- EXERCISE AIM
From the line with "Used 2021 Toyota Tacoma SR5 RWD image 19" to the final line of the data below, please write out every line exactly, with no pictures.

====== PROVIDED DATA

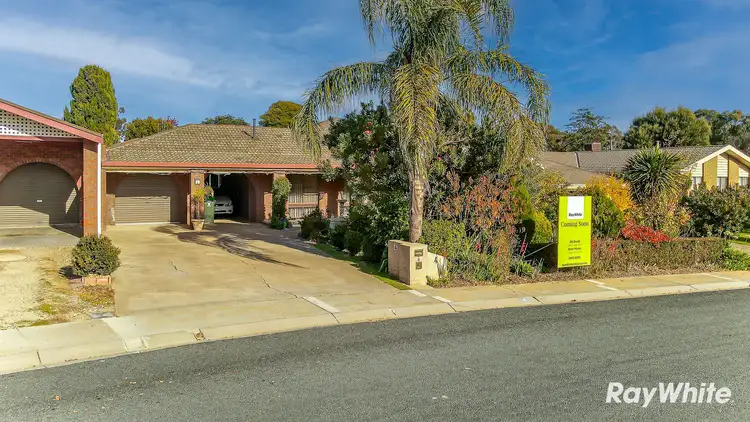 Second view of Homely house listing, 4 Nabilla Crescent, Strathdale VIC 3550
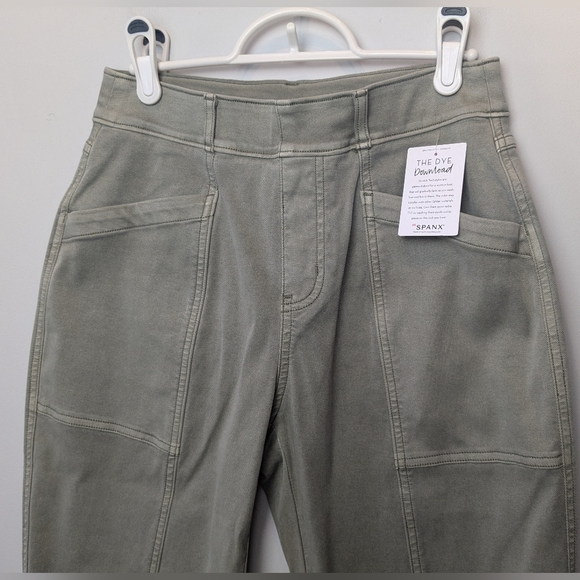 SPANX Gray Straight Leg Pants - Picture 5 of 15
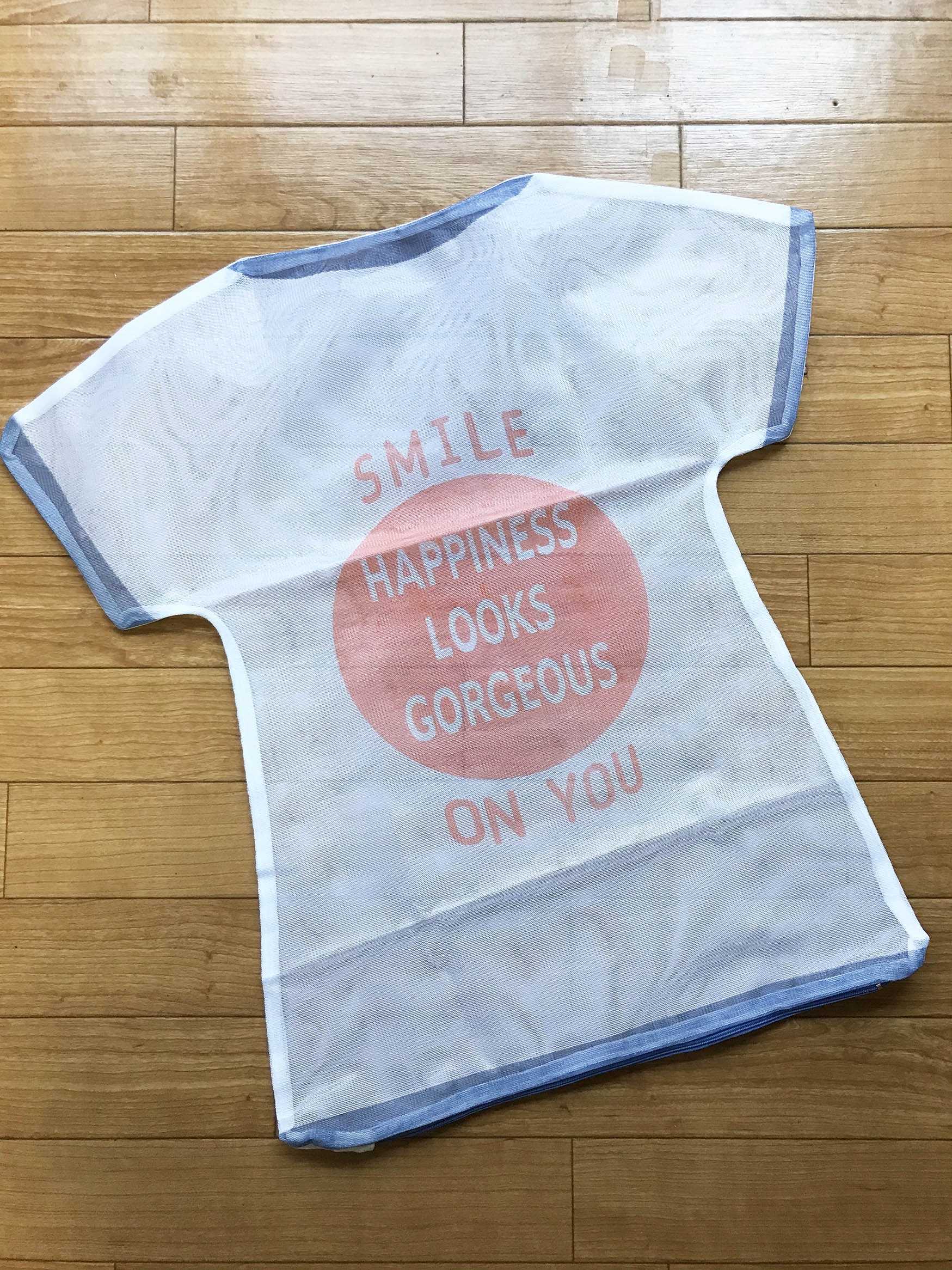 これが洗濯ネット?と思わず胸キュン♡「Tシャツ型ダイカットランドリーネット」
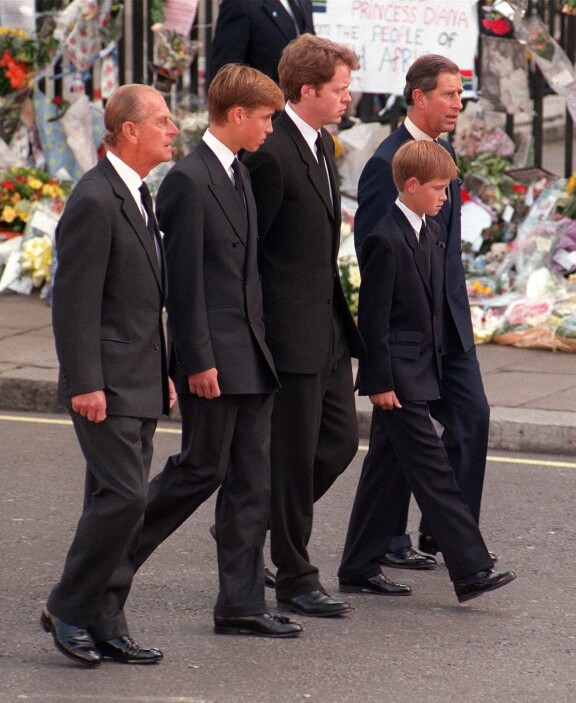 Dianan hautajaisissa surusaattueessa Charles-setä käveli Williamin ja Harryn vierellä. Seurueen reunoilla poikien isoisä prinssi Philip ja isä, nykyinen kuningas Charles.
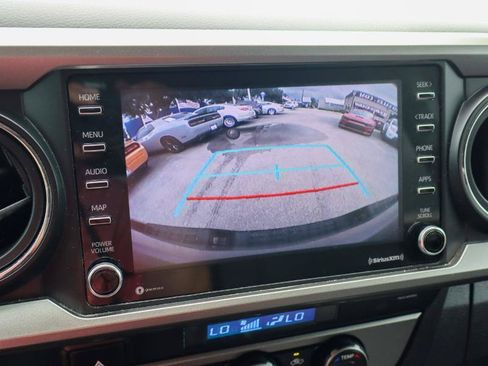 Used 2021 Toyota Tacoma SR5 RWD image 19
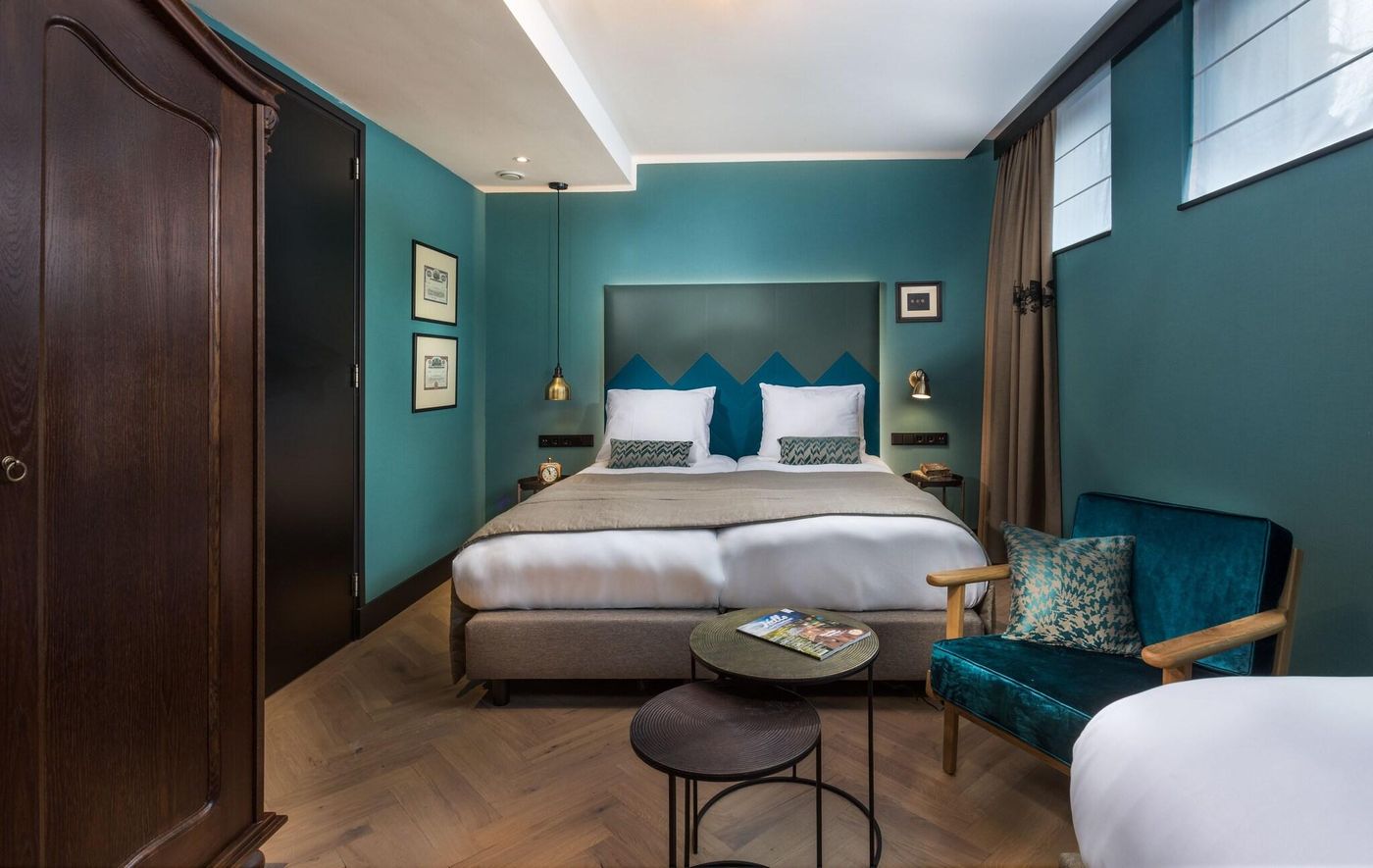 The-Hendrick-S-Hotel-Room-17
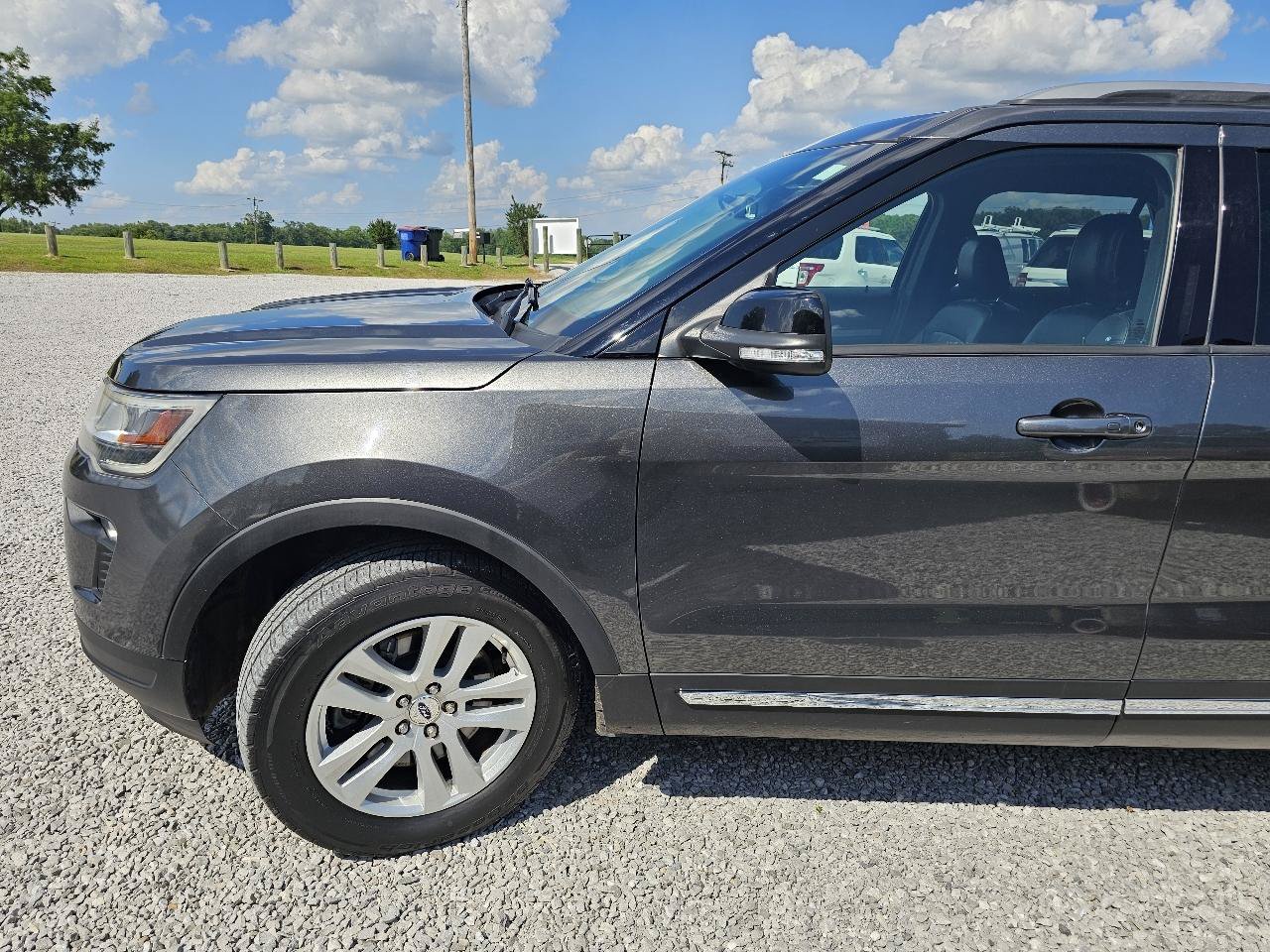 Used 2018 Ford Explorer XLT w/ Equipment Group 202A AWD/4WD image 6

============

- RESPONSE BELOW
 Used 2021 Toyota Tacoma SR5 RWD image 19
 The-Hendrick-S-Hotel-Room-17
 Used 2018 Ford Explorer XLT w/ Equipment Group 202A AWD/4WD image 6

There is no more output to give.